When gathering SharePoint data through Microsoft Graph Data Connect in a large tenant, you might be pulling millions of objects or even hundreds of millions. Also, if you want to always have the latest information available, you will likely run your pipeline daily.

 

In this blog, we’ll investigate how you can use “Delta State Datasets”, a feature that helps you optimize recurring data transfers for SharePoint State datasets to tenants by tracking what has changed since the last data transfer. You can keep up to date with the latest changes and pull a smaller number of objects.

 

2. State Datasets

 

The SharePoint datasets for Data Connect include several State datasets, including Sites, Groups, Sharing Permissions and Files. These datasets show the current situation (state) for these objects. Take the sites dataset, for instance. It includes one object for each site in the tenant, regardless of when it was created or modified.

 

With the regular “full pull” mechanism, if you want to update your tenant’s Sites dataset daily, you will need to get a complete Sites dataset every day. Since most of the sites don’t change so frequently, a lot of what you will get daily will be the same as the day before. This is a waste of resources, since you will need to download, store, and process a lot of repeated data. Also, because you pay by the number of objects pulled, this is also going to reflect in your Azure bill.

 

3. Delta State Datasets

 

The Delta feature offers a mechanism to pull a partial dataset that includes just the objects that changed since a specific date. Using Sites as an example again, a Delta State Dataset would include only the sites that have been created, modified, or deleted between two dates that you specify.
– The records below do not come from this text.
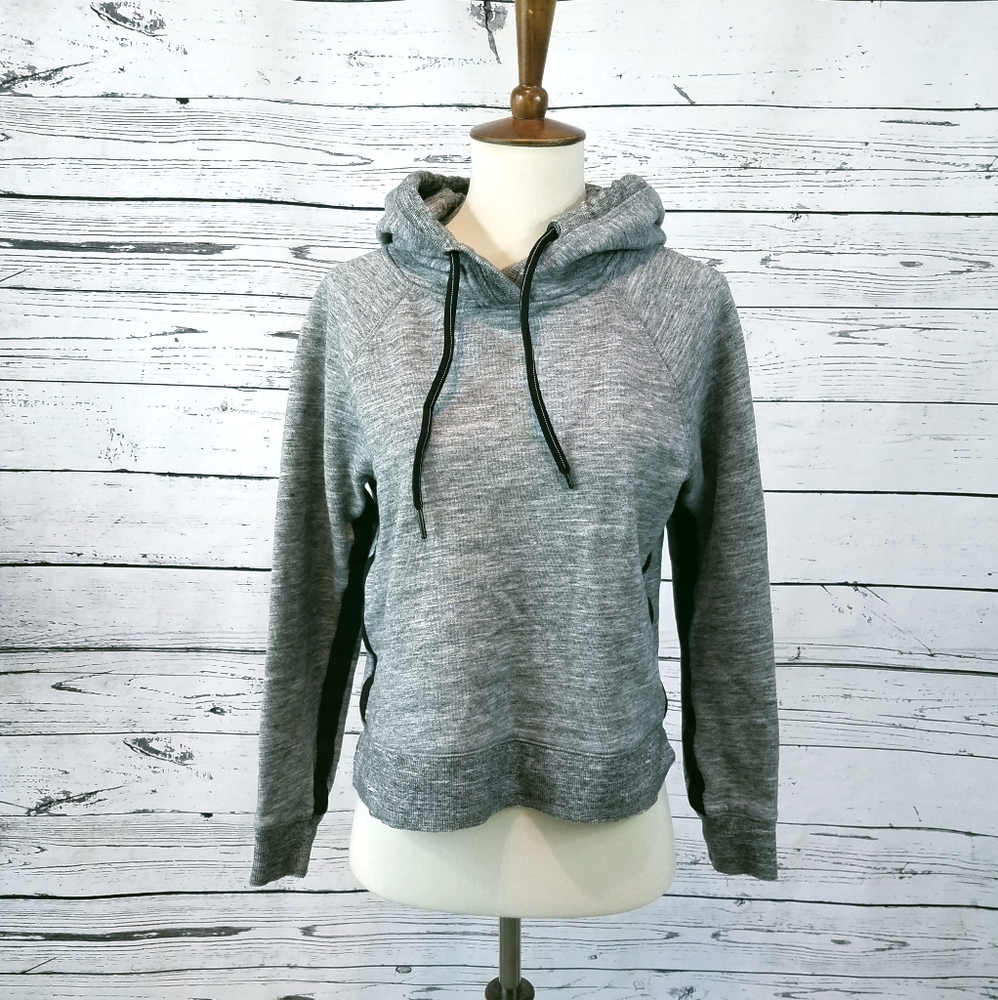 Calvin Klein Crop with Logo Hoodie Gray Size XS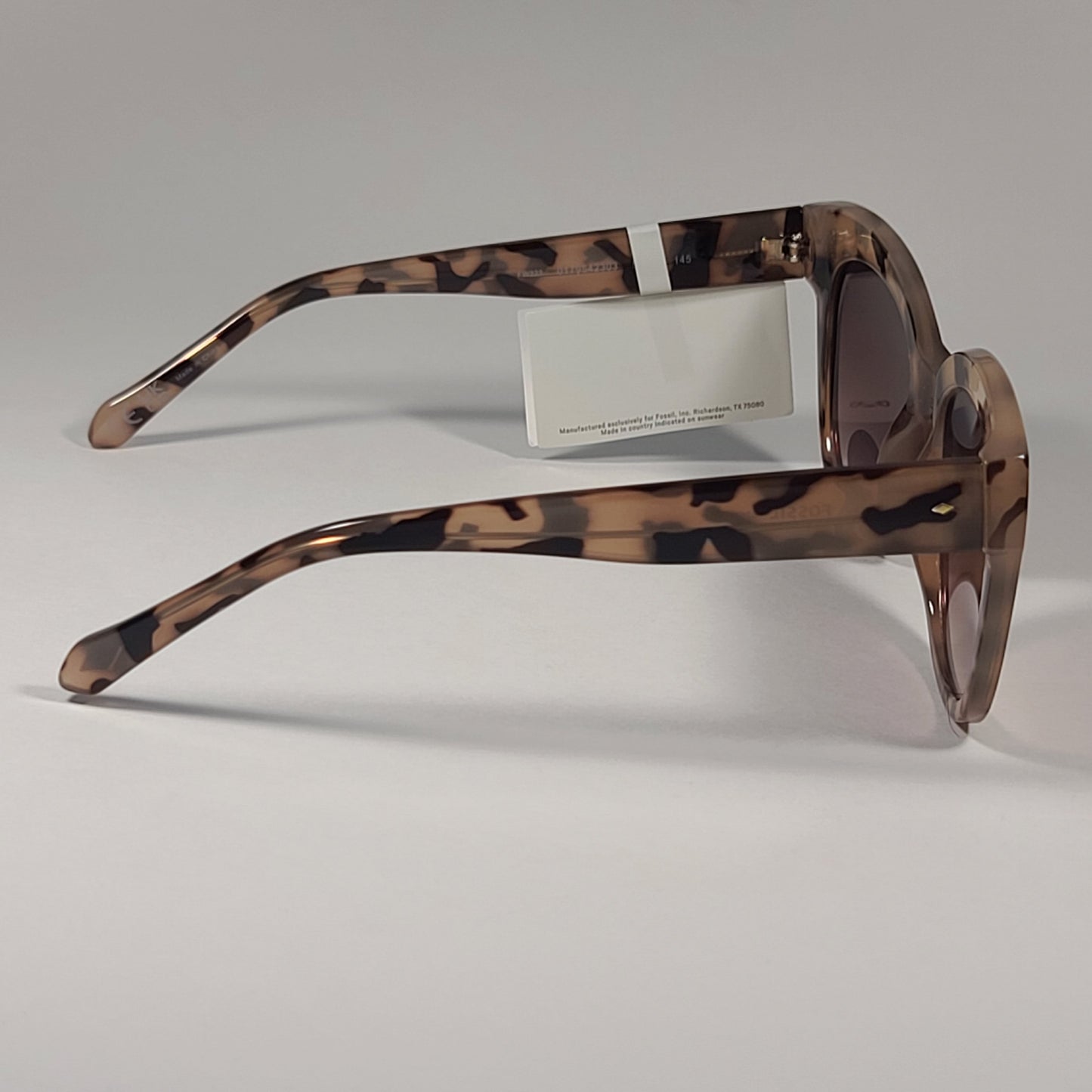 Fossil FW222 Oversize Cat Eye Sunglasses Tan Crystal Frame / Brown Gradient Lens - Sunglasses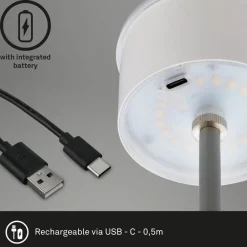 Briloner Terrassebelysning > Kiki LED-bordlampe, mat krom, IP44, 3.000 K, RGBW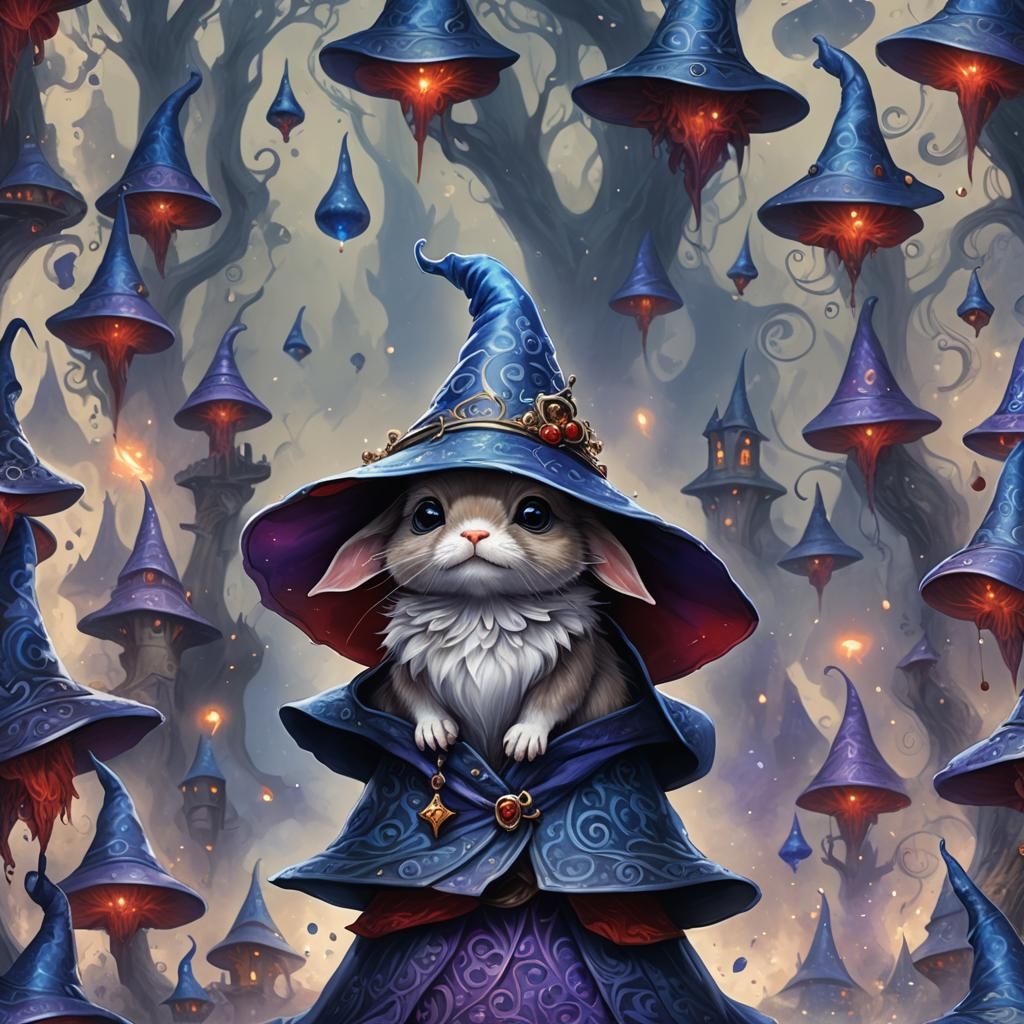 Animal Lost Under Giant Wizard Hat: Fantasy Art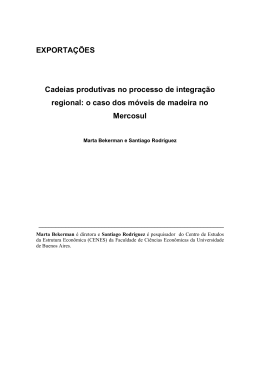 EXPORTA&Ccedil;&Otilde;ES Cadeias produtivas no processo de integra&ccedil;&atilde;o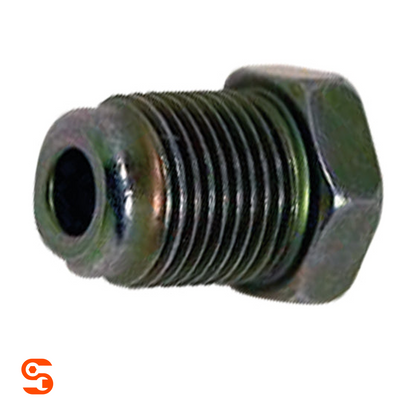 Clear zinc blue steel metric tube nut with threaded body, central tube opening, and 14mm hex end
Delta State DatasetsDelta State Datasets

 

Early observations from one of the preview tenants showed that less than 10% of their sites changed daily (this number will vary widely, depending on how busy your tenant is). This means you have the potential to reduce the number of objects transferred daily by an order of magnitude while keeping a complete and up-to-date record of all sites you have in SharePoint.

This will require you to process this Delta State Dataset to update the last full copy of the State dataset in question. You would combine the data in your previous State dataset with the data in the Delta results to produce an updated full State dataset.

 

The advantages of using Delta State Datasets include:

  • Fewer objects transferred daily, resulting in more optimal use of resources.
  • Smaller Azure bill for tenants that want to keep a State Dataset updated frequently.

The disadvantages of using Delta State Datasets include:

  • More complex workflow to keep a State Dataset updated daily.
  • Increased processing (compute) to update a previous State Dataset with a Delta State Dataset.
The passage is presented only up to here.